Wednesday, 19 May 2010

Another year bites the dust

My sixth year of full-time teaching is now at an end. Overall I think it went well, although I missed my target grade distributions in both of my upper division classes (too tough in Congress & The Presidency; too easy in Political System of the USA). One of these decades I’ll get it right.

I’m now looking forward to a very busy summer, including a conference, AP exam reading, two summer courses to teach, and three or four research projects in various stages from completely unwritten (my APSA paper) to on the verge of journal submission (my Midwest paper with Scott and Adolphus). After all of that, I’ll probably be looking forward to a relatively restful three-course semester with only one totally-new-to-me course, the first semester of graduate research methods.

Monday, 27 July 2009

A big ass, a sex tape, and an empty space in her heart

The romance of our age between Kim Kardashian and Reggie Bush has come to an end. Oh, the humanity.

Sunday, 10 May 2009

Things that aren't likely to appear as Facebook quizzes

Prof. Shugart passes along news of the EU Profiler. It seems to think I’d make a reasonably good Tory if I were British (which is probably true, given my moderately Thatcherite childhood socialization) but I’d be a better fit to the Liberal and Centre Union in Lithuania or the Free Democrats in Germany.

Monday, 13 April 2009

Headlines you don't see every day

“Woody Harrelson claims he mistook photographer for zombie.”

Now if it’d been Matthew McConaughey the headline wouldn’t have been quite as surprising.

Wednesday, 17 December 2008

The girlie blog

Megan McArdle gives beauty product advice and Amber Taylor recommends hosiery. I’m sure this is all of some use to my female and/or hitched readers, which seem to be pretty much all of them.
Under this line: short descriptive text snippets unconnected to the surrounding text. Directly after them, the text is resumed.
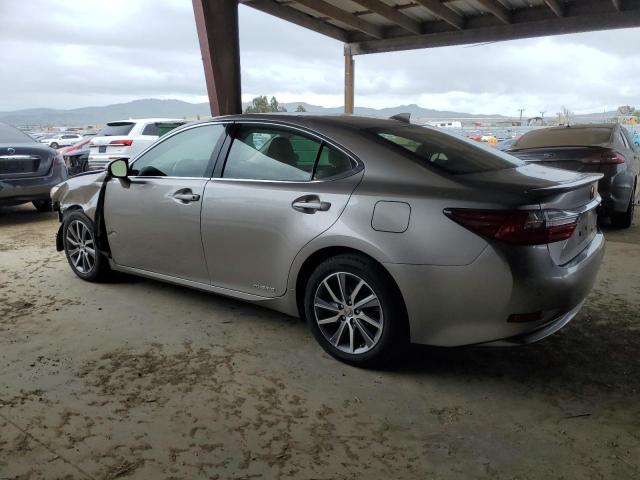 Vin: jthbw1gg3g2117066, lot: 51141685, lexus es300 300h 20162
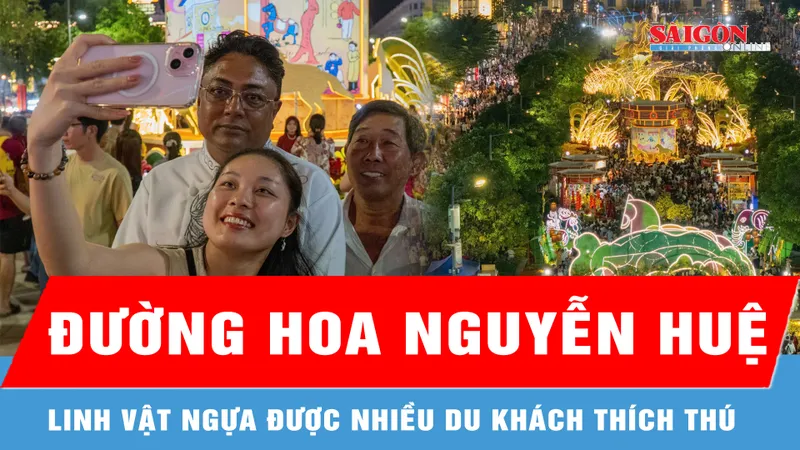 Đường hoa Nguyễn Huệ: Linh vật ngựa được nhiều du khách ưa thích 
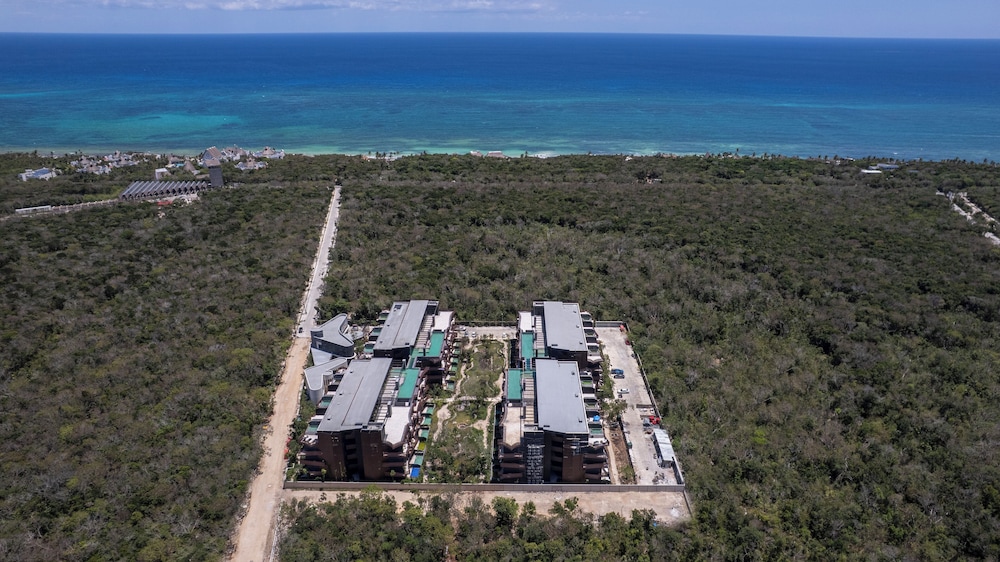 Amira District - carbon neutral hotel in Tulum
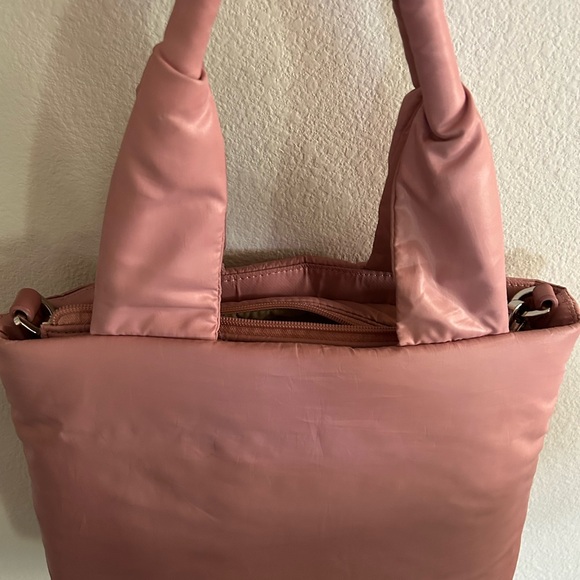 CARAA NYLON FREE PEOPLE TOTE BAG - Picture 6 of 7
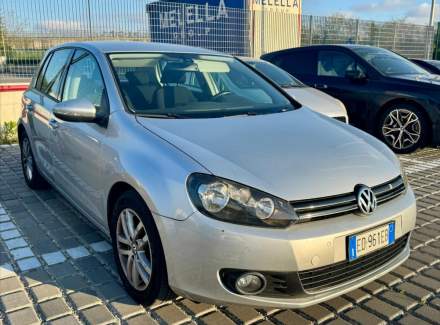 Volkswagen - Golf
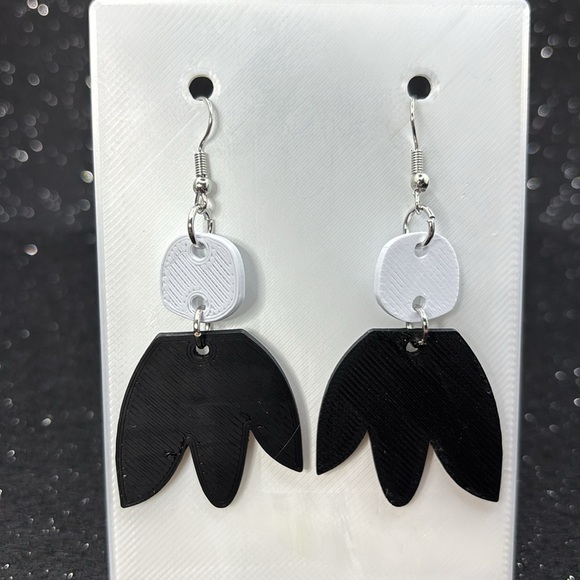 Geometric Black and White Dangle Earrings - Picture 1 of 3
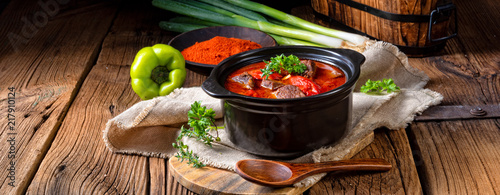 Cuadros en Lienzo A real Hungarian goulash with beef and paprika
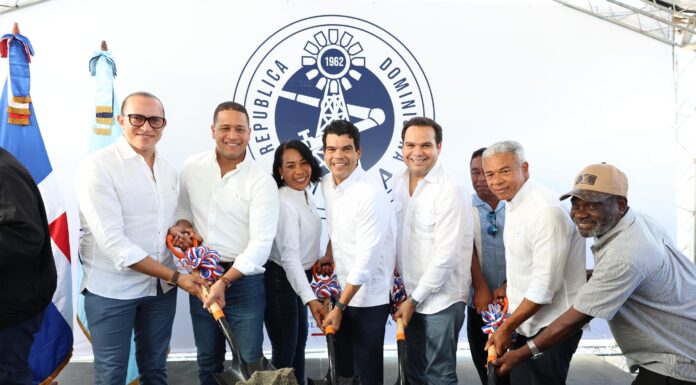 Wellington Arnaud inicia construcción del alcantarillado sanitario de El Córbano, provincia San Juan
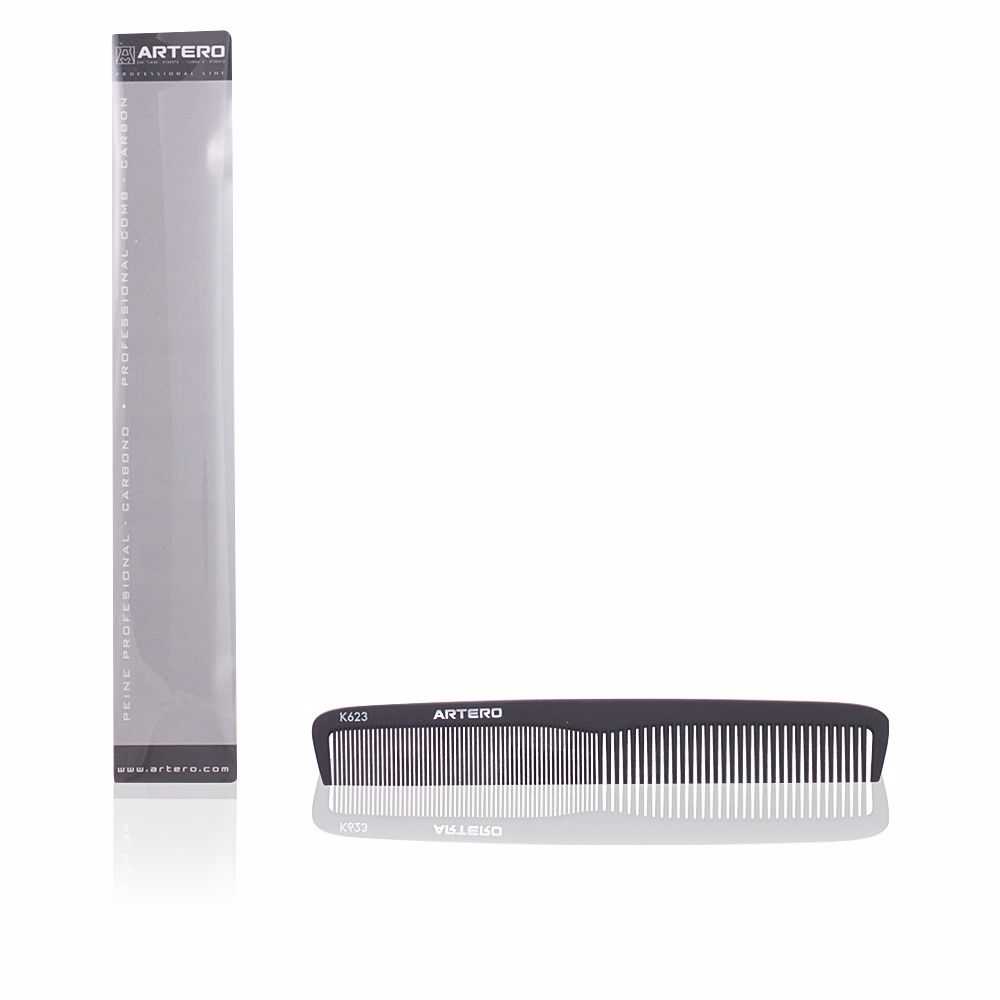 ArteroCarbonComb189mm Product container of Artero Carbon Comb 189mm by Artero, an anti-static carbon comb indicated for hair cutting and styling.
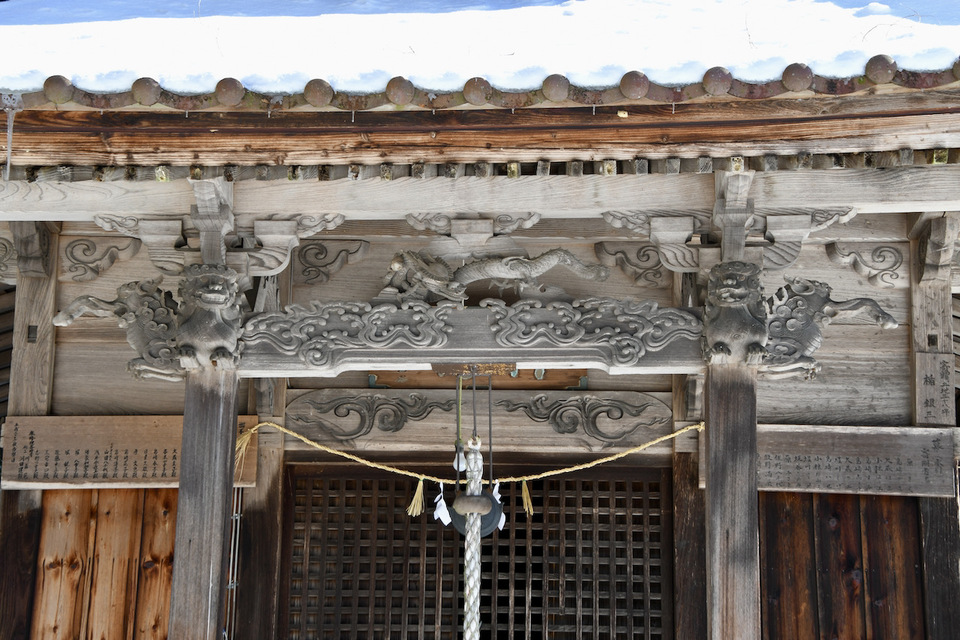中津川市神坂湯舟沢の護摩堂は戦国時代に創建された。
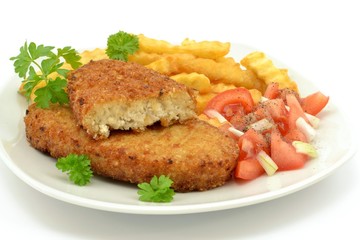 kotlet rybny z frytkami
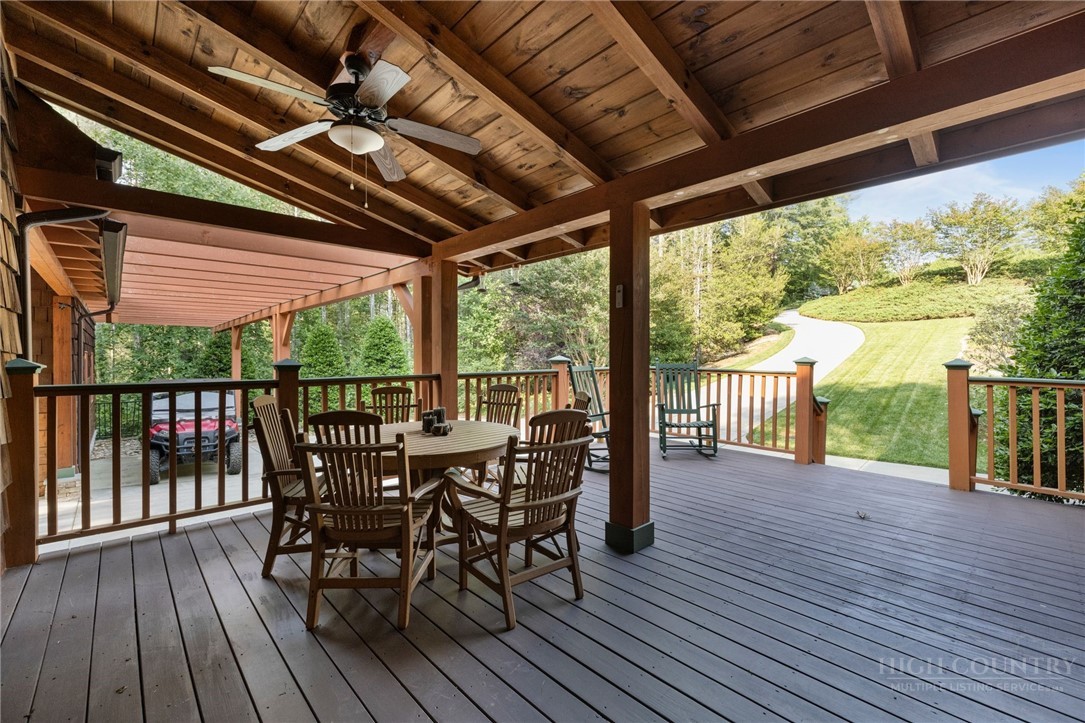 5626 Rocky Falls Lane Property Photo 13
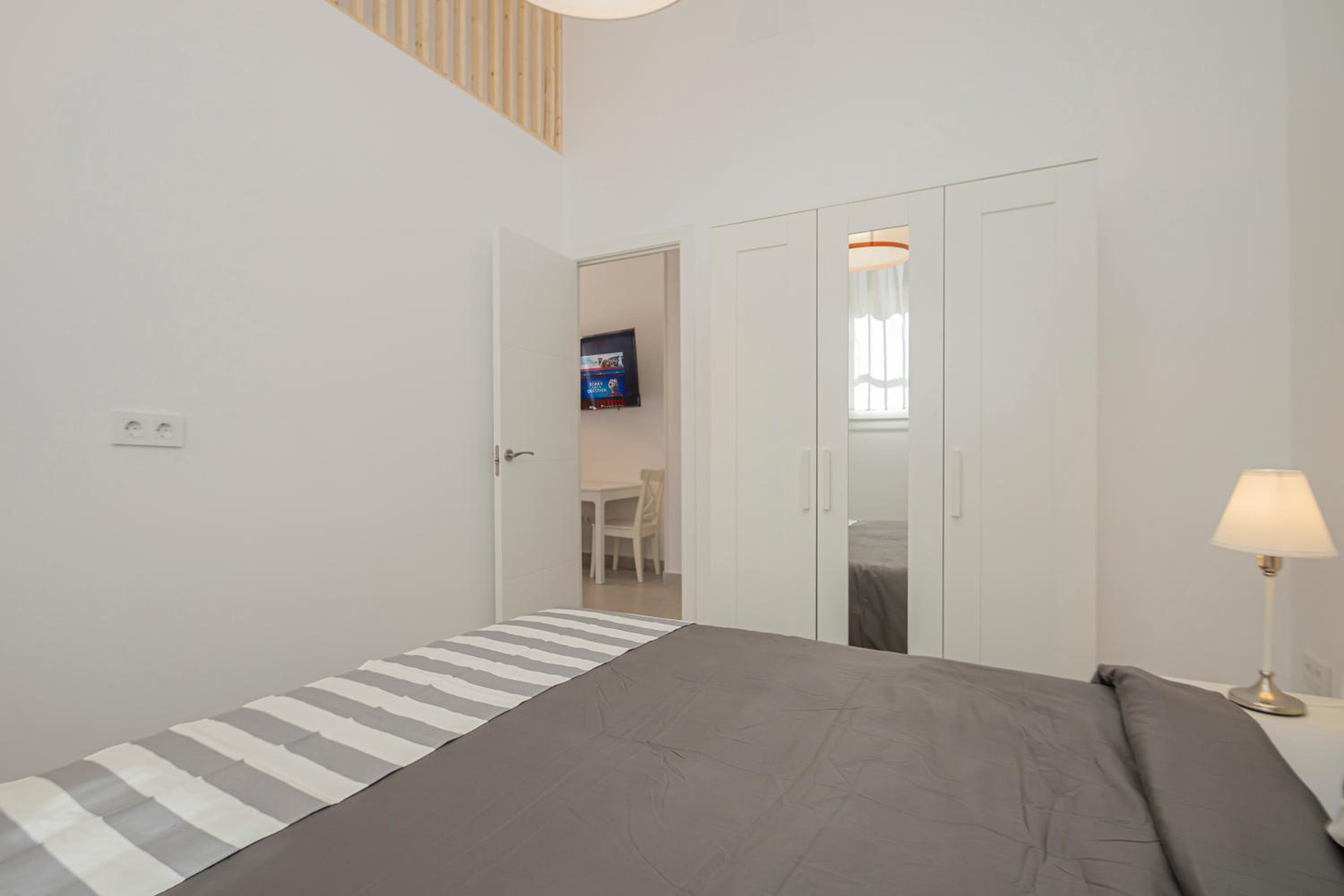 NEW Luxury and sunny 2BR apartment Premium Spot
For the rest of my readers, I’m not convinced that chest hair is back in; we can’t all be Alec Baldwin, after all.

Friday, 7 November 2008

Friday campusblogging

Per request, here are some photos of the TAMIU campus I took over the summer; I don’t have any javelina pictures (they seem to mostly come out at night), but there are some of our whitetail deer in the pictures like the one below:

TAMIU Deer

Wednesday, 5 November 2008

Only at TAMIU

From my inbox:

Members of the Campus Community -

This Fall, campus wildlife is especially prevalent, with a substantial increase in populations of both whitetail deer and javelina.

Seeing both on campus on a regular basis often leads members of the University community and visitors to consider our wildlife tame and approachable.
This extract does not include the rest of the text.